I compete in an individual sport. The problem is that on the day of a major competition, I have really bad indigestion. Sometimes, I have to run to the bathroom every half hour for a bowel movement! Besides being annoying, disgusting, and a little embarrassing, this interrupts my competition and adds unneeded stress. Why is this happening and what can I do to prevent it?


Do I have obsessive-compulsive disorder (OCD)?

1) I think I might have OCD. I worry about it a lot and I want to go to a doctor, but I am too afraid.
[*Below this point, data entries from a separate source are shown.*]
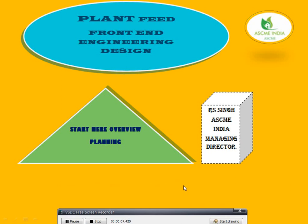Good morning everybody. My name is Raya, Managing Director of SMA India. Today's topic is plant FEED — Front End Engineering Design.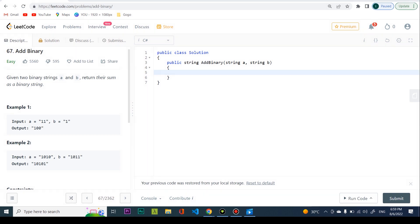Now let's see this in code. The code is a bit difficult to understand so I'll go through it quite extensively. Just bear with me — you probably won't understand it on the first try, so you can always rewatch. The first thing I want to do is iterate through both strings one step at a time, calculating the sum and carry.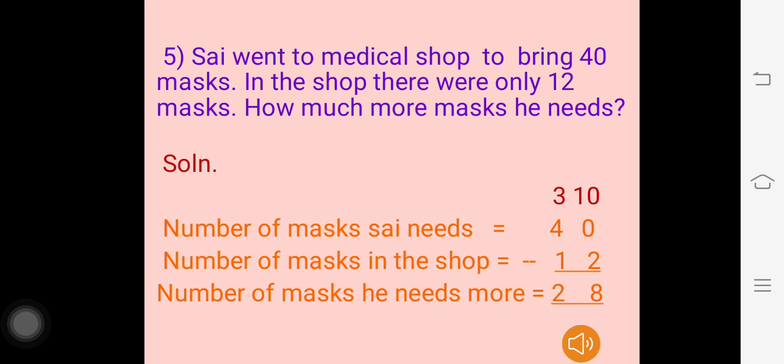Going to our next question: Sai went to a medical shop to bring 40 masks. In the shop there were only 12 masks. How many more masks does he need? Number of masks Sai needs is 40; number of masks in the shop is 12. In the units place, 0 minus 2 is not possible, so borrow 1 from the 10s place: 4 becomes 3 and 0 becomes 10. 10 minus 2 is 8; 3 minus 1 is 2. The answer is 28 — the number of masks he needs more is 28.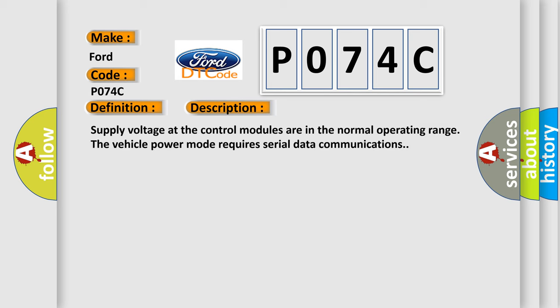Supply voltage at the control modules are in the normal operating range. The vehicle power mode requires serial data communications.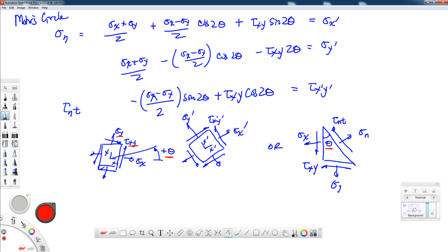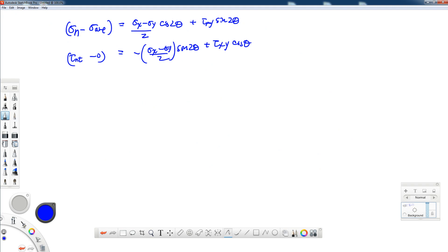Starting from these equations, I'm going to do a little manipulation. I'll label this term sigma average and move it to the left-hand side next to sigma n, which is the same as sigma x prime. I have the equation for tau nt written in a similar form. Sigma average is the average of the two in-plane normal stresses, sigma x and sigma y.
Can you please tell me the symptoms of OCD. Thank you.

2) I think I might have OCD. Since I was about 12 or 13, I started thinking really strange thoughts. I always felt like there were eyes watching me. I know its irrational to think such a thing, and I know there aren't any, but I get this weird feeling there are. I have to cover my windows in dark colored papers and check for any holes in them regularly, so there isn't the tiniest hole for someone to peek through. I have shades as well, but I never feel like they're enough. I also have to regularly make sure my windows are locked, sometimes I'll lock and relock them a couple times until it feels like the lock worked. The same with my bedroom door, I will not sleep at night if my door is unlocked, and sometimes I relock it more than once, or even reclose my door more than once. It doesn't always feel like it properly shut the first time. I also have to turn any faces away from me. My stuffed animals can't look in my direction, and I wont hang pictures up in my room if it feels like it has eyes on it. I'm not scared of eyes necessarily, I know some people with beautiful eyes. I just can't take them staring at me. I also know they wont hurt me, either, but it feels as if somehow they will. I don't know how.

I'm really feeling like I might be going crazy. I'm stressed out beyond belief! Should I bring it up with my doctor? Should I get a therapist? Could this be OCD?


What can I do if I'm at my breaking point?

I think I just had my breaking point. I don't know how much more stress I can take. I tried to check out stress-reduction workshops, but the next one is next semester. I don't really want to see a psychiatrist. I don't know what to do. Basically, I think a lot of my stress is because it is just so difficult for me to focus or concentrate on anything. My thoughts are running everywhere. I try, I really do. I even moved into a single for it. I feel so incompetent. I don't give a damn about making friends. I'm always feeling lonely. And worst of all, there is always something that makes me so worried, panicked, to the point of just wanting to die to relieve me of it. I have chest pains when I sleep sometimes. Whenever I do anything away from my desk during my designated "study time," I feel so guilty. Since transferring here this semester, I have never felt confident, relaxed, or satisfied about anything. Everything annoys me. I annoy me. This letter probably sounds really unorganized, but I can't organize my thoughts. I went to see a Broadway play and loved it, but just really hated myself for seeing it when there was so much work I had to do. I've decided I don't want to live like this anymore. I'm tired of not being able to breathe and get chest pains when I get stressed. Please help me.